Exercise details: The reply should be an exact repeat of the listing, with no pictures in it.

Supplied material:
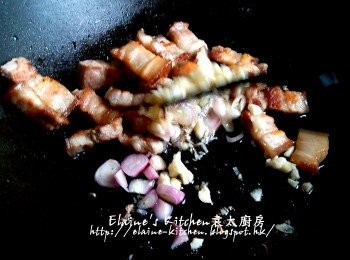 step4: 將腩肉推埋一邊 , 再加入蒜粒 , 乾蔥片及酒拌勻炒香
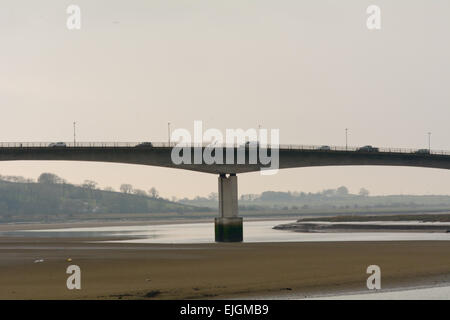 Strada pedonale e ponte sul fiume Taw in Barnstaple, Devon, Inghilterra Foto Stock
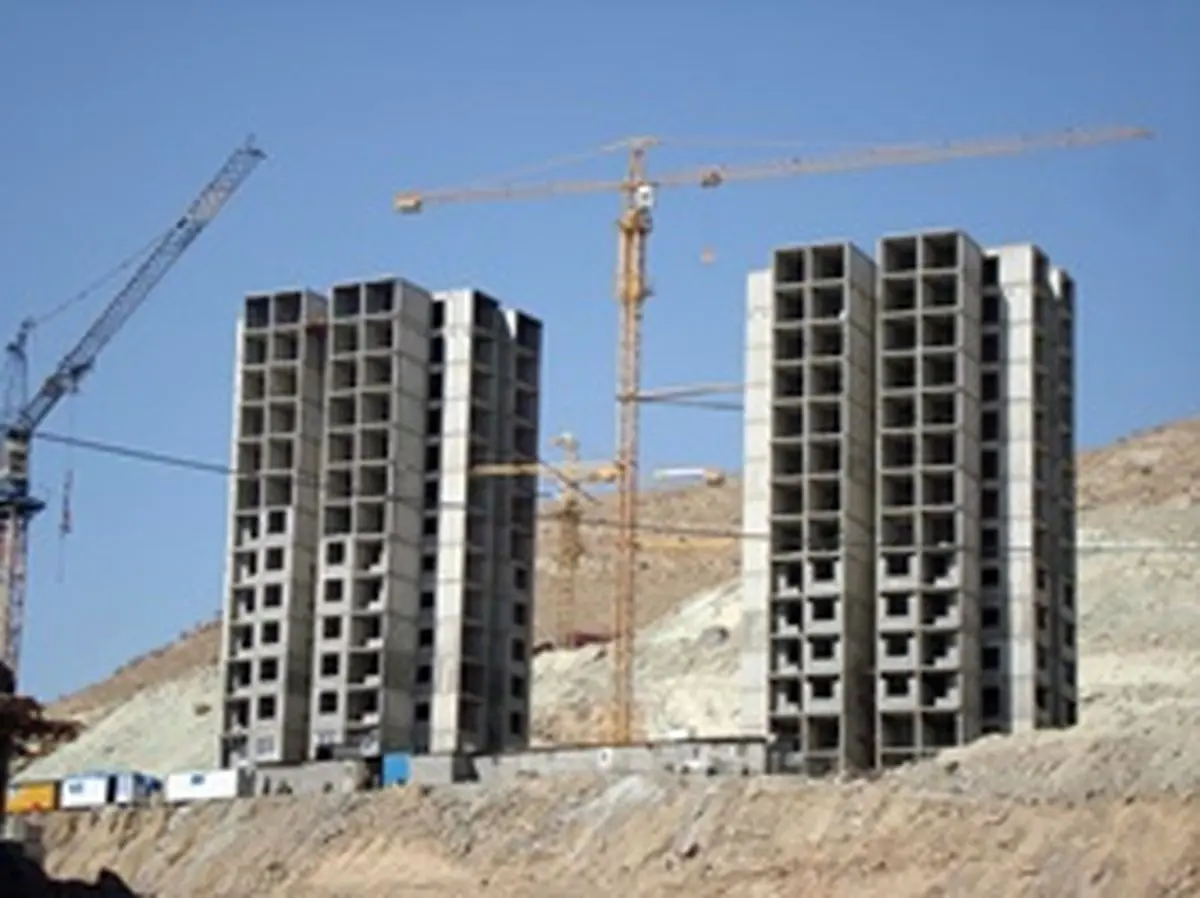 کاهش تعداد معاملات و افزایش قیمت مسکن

Expected answer:
 step4: 將腩肉推埋一邊 , 再加入蒜粒 , 乾蔥片及酒拌勻炒香
 Strada pedonale e ponte sul fiume Taw in Barnstaple, Devon, Inghilterra Foto Stock
 کاهش تعداد معاملات و افزایش قیمت مسکن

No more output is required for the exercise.